NCLB waivers are a continuation of RTT.  There is enough similarity between the requirements of the two programs to make this assertion.  For example, the adoption of College and Career Ready Standards (Common Core meets this requirement) and the adoption of new teacher accountability systems that take into account test scores in some way are salient features of both programs.  So Vermont’s waiver application makes perfect sense – these are requirements for a waiver.  If you don’t meet the requirements, you don’t get a waiver.
The difference between the programs is rather than dangling cash in front of revenue starved states like RTT, the waiver program dangles regulatory relief from the NCLB ticking time bomb of 100% student proficiency on tests by 2014, a statistical impossibility that will label virtually every school as failing and subject them to a draconian set of restructuring requirements, including firing their teachers and their administrators.
In essence, the Obama/Duncan administration is doing a political end run around a recalcitrant and uncooperative Congress.  In my view, the whole thing has a lot more to do with Washington power politics and whole lot less to do with student learning.  If states adopt the basic tenets of the “Blueprint”, the Obama/Duncan plan for ESEA reauthorization, wholesale via RTT and waivers, then the ESEA becomes moot, and the administration has won the political battle for education reform without firing a shot. An ESEA reauthorization, if it occurs, will merely be codification of changes led at the state level.   It is an audacious political strategy.
Why is student learning jeopardized in this scenario?  Waivers assume that all states have a similar capacity to assimilate these policies.  I found it interesting that states like Massachusetts and Colorado already have waivers in hand.  The former was a round 2 RTT state that has a huge jumpstart on the work.  The latter is a state noted for pioneering many of the innovations that are becoming embedded in Federal education policy.  In Vermont we are starting from scratch.  Ten years of slash and burn budgeting during the Douglas administration have reduced our DOE to a shell of its former self, a compliance agency for Federal formula grants.  Whatever little capacity to respond to national policy is left is embedded in outside organizations like VT-NEA.
We are left asking permission.  Instead of treating the waiver process as an opportunity to rethink systems, we treat the waiver application like a bunch of hoops to jump through - hardly a way to make effective policy.  And student learning is left out of the equation.

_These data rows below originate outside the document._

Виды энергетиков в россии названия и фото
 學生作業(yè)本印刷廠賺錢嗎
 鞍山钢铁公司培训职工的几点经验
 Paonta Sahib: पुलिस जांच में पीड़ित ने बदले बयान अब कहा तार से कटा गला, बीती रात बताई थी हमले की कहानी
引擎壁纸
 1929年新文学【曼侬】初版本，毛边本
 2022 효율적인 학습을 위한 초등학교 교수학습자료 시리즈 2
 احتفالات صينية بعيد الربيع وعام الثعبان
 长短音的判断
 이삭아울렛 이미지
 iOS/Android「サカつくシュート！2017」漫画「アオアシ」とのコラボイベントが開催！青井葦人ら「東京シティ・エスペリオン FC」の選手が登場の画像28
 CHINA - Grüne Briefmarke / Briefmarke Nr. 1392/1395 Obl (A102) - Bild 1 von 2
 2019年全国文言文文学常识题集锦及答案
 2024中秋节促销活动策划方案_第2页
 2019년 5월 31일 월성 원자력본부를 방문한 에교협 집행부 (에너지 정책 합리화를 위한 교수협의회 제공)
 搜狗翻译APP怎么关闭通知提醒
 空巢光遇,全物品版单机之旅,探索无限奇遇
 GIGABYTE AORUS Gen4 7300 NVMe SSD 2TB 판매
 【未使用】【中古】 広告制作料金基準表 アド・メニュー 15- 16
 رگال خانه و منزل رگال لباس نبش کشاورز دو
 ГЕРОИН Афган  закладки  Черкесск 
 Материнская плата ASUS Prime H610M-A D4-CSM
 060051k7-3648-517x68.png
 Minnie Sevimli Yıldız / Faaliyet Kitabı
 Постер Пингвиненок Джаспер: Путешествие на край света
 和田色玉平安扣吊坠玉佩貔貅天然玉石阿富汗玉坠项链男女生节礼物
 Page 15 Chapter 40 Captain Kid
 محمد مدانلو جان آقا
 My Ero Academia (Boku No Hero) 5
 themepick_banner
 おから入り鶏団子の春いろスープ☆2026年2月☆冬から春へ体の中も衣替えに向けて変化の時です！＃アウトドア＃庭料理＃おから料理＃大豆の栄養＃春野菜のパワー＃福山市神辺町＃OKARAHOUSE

The great danger here is that our legislature will panic and do something nonsensical, like New York or Tennessee did around teacher evaluation.  Our legislature has a history of doing that sort of thing at the eleventh hour – things like the “two vote mandate.”  I hope instead that our leaders think about how to bring together people with interest and expertise in great education policy to rebuild Vermont’s capacity so that we can not only respond effectively to the national policy context, but learn to lead it.